Much like the presidential and Senate races this year, jobs and the economy have been the top issues in the fight for Worcester's 14th District.
Handy, McCarthy and O'Day sparred over the topics during a debate in West Boylston last week, and the discussion and disagreement are likely to rage on again this evening.
From Social Worker to State Rep.
O'Day spent 24 years as a social worker with the state's Department of Children and families prior to heading to the State House, and he said his role as a State Representative has been an extension of that work.
"One of the greatest honors of my job is ensuring that individuals who can't speak for themselves are represented and afforded the dignity they deserve," O'Day said in a campaign announcement.
His resume also includes time as Regional Vice President of the local 509 union chapter for the former Department of Social Services, and O'Day still sits on the Central Massachusetts Labor Council.
While serving on Beacon Hill, O'Day has advocated for one-stop career centers to help grow the state's workforce, efforts by the Department of Conservation and Recreation to combat the Asian long-horned beetle infestation that took a toll on many of the 14th District's trees in recent years. During this year's legislative session, he played a key role in securing more than $11 million for municipalities and students battling homelessness as they try to pursue their education.
Currently, O'Day serves as Interim Chairman of the House Committee on Bills in Third Reading, and he is a member of the Joint Committees on Mental Health and Substance Abuse, and Children, Families and Persons with Disabilities. The Representative is also a member of the Parks and Facilities Committee in West Boylston and the Early Learning Leadership Advisory Board.
In addition, O'Day serves on the West Boylston Little League’s Board of Directors, the Board of Governors for the Central Branch YMCA and the Board of Directors for the United Way of Central Massachusetts.
The Republican Challenger
McCarthy is a familiar face among Worcester Republicans, having run for Worcester County Sheriff in 2004 and twice for a City Council seat.
The former state trooper previously served as the Executive Assistant for the Louisiana Department of Revenue's Office of Alcohol and Tobacco Control, and he is currently a Criminal Justice professor at Quinsigamond Community College and teaches coures at Becker College and Assumption College as well.

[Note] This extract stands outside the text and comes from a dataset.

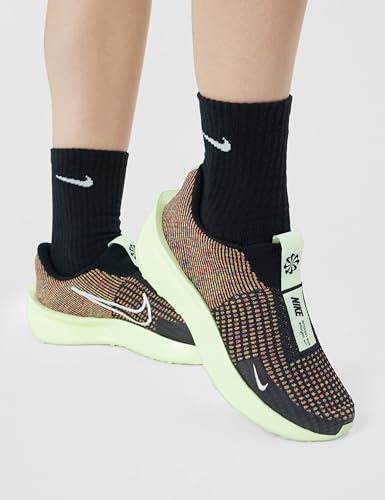Image of Nike Womens W Interact Run Slip-On Easyon Se W Interact Run EASYON SE
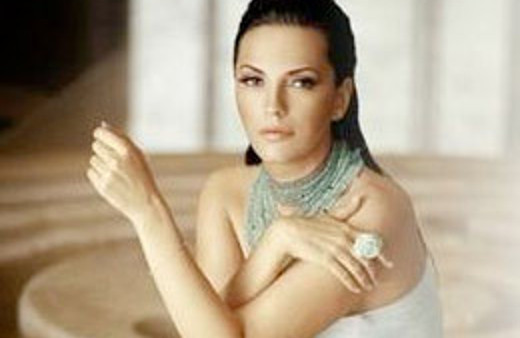 Yeşim Salkım tazminata mahkum edildi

Since returning to the Worcester area 10 years ago, McCarthy has spent time volunteering with the Boy Scouts of America, the Burncoat Babe Ruth Baseball League, and the Joe Schwartz Little League for Girls Softball.
The Republican's core campaign issues are lowering taxes, reforming the EBT and welfare systems, and developing job opportunities in the region.
Earlier this year, McCarthy railed against O'Day for a bill the Democrat proposed in 2011, the Act to Invest in Our Communities, which would have increased the state income tax rate from 5.3 to 5.95 percent.
O'Day defended the measure, arguing that the Commonwealth's tax code warrants revisiting.
An Independent Business Owner
Handy is an artist, photographer and, for the past 36 years, a small business owner. He has also spent 15 years as an elected member of the West Boylston Light Board where he continues to serve today.
The Independent has been an active volunteer for 30 years with National Education for Assistance Dog Services (NEADS), a non-profit that provides canine assistance to deaf and disabled Americans, where he sits on the organization's Board of Directors.
Like his Republican opponent, Handy believes taxes in the Commonwealth are too high and are particularly burdensome for small business owners like himself.
His experience in the the West Boylston Light Department has led him to advocate for alternative energy sources, which he argues will reduce costs for municipalities and ratepayers alike.
"If we want to stop the exodus of Massachusetts residents and business owners to other state with less expensive energy, we need to lower the cost of our electric power."